魂鎮めの森

 黒い空に絡め取られるように、まるで磔にされているように、静かに中空に存在している女。

 静かに俯き目を開ける様子もなければ、動く様子もない。呼吸さえあるのか怪しい。だがその顔色は、とても死んでいるようには見えない。

 頭上に固定された両腕は、手首から先がうずもれるようにじわじわと見えなくなっている。両脚も太ももの中ほどあたりから、空に飲み込まれていた。

 その女から発せられているものか否か、網目のように縦横無尽に走るサイケデリックな光の筋。その細い、ゆっくりと色のうつろう斑の網は、空を覆うのみならず、遥か下方にまで広がっている。空間を球状に取り囲んでいるように思えた。

 瑠璃は静かに女を見上げて歩みを止める。

 女は──瑠璃たちの始祖だと聞かされている。まるで鏡を見ているような錯覚を覚える顔立ちが、それを裏付けているように思えた。

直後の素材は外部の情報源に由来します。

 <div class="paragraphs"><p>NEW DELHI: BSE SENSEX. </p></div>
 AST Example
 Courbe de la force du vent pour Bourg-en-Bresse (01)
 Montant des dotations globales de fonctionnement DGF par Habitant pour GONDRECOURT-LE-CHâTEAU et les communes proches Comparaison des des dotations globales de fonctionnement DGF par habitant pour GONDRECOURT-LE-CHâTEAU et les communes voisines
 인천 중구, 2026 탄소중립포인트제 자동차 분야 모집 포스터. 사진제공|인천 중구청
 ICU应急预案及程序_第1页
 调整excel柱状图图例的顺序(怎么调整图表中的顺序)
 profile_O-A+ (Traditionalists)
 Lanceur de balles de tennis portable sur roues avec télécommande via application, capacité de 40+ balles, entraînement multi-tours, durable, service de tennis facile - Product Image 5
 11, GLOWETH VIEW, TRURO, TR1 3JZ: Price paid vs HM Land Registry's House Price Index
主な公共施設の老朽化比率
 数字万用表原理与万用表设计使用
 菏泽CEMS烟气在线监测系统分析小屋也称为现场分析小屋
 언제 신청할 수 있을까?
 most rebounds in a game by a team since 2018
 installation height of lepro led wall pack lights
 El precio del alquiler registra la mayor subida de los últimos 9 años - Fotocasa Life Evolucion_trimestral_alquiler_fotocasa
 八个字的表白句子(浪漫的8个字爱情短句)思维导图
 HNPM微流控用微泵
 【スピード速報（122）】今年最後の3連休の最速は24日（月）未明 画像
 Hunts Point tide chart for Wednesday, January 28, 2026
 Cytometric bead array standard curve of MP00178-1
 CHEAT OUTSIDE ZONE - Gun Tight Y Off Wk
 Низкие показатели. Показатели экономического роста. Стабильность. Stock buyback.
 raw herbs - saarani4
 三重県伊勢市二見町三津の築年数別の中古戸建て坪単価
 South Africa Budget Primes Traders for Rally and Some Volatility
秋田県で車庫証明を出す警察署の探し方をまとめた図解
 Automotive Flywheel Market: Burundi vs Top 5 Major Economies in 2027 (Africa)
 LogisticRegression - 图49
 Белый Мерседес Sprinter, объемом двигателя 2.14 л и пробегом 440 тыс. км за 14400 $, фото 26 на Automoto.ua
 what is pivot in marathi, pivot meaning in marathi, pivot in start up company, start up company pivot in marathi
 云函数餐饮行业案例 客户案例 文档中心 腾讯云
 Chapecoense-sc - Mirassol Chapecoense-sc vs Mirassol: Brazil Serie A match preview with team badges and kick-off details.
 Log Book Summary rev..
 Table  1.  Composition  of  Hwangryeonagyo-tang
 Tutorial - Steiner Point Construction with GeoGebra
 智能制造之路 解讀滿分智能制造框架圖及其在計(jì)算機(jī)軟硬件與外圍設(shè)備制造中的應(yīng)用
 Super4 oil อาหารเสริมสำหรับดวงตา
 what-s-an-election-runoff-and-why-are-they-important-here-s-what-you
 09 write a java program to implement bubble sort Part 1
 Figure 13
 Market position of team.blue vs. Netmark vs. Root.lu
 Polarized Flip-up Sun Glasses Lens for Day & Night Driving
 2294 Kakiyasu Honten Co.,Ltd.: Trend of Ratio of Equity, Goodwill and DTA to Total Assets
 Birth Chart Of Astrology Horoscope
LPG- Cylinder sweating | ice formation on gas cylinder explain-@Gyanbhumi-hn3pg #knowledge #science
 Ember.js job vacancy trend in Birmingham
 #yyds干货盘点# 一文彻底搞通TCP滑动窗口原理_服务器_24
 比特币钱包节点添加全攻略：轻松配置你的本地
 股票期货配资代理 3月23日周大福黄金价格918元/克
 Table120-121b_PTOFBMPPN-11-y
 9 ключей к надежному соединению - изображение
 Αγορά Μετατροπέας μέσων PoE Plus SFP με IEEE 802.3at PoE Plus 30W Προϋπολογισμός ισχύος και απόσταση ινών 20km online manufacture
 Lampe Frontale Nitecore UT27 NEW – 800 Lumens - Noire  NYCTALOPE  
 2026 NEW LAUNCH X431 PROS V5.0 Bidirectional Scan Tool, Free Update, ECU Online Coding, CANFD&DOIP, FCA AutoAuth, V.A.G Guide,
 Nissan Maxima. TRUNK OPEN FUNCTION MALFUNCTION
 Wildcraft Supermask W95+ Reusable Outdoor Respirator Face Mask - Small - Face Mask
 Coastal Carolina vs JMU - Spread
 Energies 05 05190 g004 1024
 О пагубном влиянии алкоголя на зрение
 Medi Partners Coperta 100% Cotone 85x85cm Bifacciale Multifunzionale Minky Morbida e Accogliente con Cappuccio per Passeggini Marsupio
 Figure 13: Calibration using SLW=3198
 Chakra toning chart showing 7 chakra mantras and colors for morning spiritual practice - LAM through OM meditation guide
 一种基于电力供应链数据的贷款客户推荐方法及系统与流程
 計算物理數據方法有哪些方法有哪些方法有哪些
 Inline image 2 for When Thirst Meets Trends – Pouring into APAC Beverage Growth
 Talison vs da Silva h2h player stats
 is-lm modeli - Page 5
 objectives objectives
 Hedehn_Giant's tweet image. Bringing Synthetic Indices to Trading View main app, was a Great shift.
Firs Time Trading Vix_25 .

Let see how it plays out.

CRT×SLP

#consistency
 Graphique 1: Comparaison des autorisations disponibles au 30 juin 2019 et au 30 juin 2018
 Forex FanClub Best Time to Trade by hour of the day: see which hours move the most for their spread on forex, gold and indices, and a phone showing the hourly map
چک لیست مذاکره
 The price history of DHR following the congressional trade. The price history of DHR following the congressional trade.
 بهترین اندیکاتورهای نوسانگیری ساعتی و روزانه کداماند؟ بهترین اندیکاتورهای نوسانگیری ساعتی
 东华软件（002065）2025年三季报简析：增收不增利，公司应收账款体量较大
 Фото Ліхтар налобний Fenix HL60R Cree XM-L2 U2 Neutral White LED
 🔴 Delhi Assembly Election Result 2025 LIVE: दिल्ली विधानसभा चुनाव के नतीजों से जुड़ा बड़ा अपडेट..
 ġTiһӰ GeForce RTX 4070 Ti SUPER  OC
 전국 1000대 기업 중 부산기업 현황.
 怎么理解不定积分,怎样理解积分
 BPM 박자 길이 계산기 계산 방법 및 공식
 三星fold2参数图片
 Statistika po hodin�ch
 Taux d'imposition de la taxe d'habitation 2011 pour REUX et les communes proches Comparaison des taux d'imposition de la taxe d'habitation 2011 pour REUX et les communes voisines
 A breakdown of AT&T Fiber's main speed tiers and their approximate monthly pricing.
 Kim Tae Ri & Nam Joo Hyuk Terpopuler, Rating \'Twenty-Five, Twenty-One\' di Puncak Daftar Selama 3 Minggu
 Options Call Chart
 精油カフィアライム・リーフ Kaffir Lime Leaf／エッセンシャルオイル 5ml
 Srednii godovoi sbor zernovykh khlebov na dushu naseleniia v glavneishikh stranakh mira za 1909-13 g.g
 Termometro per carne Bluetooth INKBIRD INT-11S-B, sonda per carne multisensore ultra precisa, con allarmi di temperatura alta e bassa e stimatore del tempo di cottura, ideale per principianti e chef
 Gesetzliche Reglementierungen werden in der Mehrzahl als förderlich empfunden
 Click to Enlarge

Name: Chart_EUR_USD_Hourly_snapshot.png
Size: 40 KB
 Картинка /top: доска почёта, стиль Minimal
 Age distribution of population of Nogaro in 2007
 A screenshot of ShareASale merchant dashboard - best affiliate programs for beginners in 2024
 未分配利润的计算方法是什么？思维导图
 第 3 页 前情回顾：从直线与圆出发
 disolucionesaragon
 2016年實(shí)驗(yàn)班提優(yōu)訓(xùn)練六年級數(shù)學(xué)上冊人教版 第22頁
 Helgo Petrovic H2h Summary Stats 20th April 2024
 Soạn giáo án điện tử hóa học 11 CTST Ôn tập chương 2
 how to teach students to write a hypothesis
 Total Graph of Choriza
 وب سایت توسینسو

 彼女の最初の記憶──炎に包まれる王都──よりはるか昔から、女はこの森を守っているらしい。

 瑠璃は特に意図もなく振り返り、広大な森を眺めた。

 足下ではしっかりとした大小の根が絡み合っているのが見える。その遥か下に光の網。

 この森には地面がない。……見えないだけであるのかもしれないが、足裏に触れる感触すらないものが、果たしてあるのかどうかなどということは、考えるだけ無駄であろう。

 木々の枝には様々な色の淡く光る卵のようなものが、いくつも垂れ下がっていた。大きくても人間の頭大。それらは、周りにふわふわと同色の光を漂わせ、幻想的な光景を作り上げていた。

 ただし近づくとその中で異形のものたちが丸くなっているのが見える。アヤカシだ。慣れない者がもし不用意に近づいたとすると、恐らく悲鳴でも上げることになるのだろう。

 そのアヤカシたちはすべて、安らかな夢の中にいる。

 ここは──……現世で神剣によって葬られたモノたちが、その荒ぶる魂を鎮めるために、都合の良い夢を見続けさせられる場所。


《魂鎮めの森》である。


 時折光の卵が、ゆっくりと拡散するように消えていくことがある。それがアヤカシの成仏のカタチだった。

 その魂が百の廻りへと還ることを許された証。

 願わくば二度と再びアヤカシになど成らないように──……。

 瑠璃はもう幾度捧げたかも分からない祈りを胸に、黙祷を捧げる。

 アヤカシは、ひとのせいで捻じ曲げられた様々な魂が変質して生じるものだ。始祖がこの森を作り、神剣を子々孫々伝え、アヤカシをこの場に送る循環を構築したのも、そのことへの懺悔なのかもしれない。あるいは……自己陶酔の使命感。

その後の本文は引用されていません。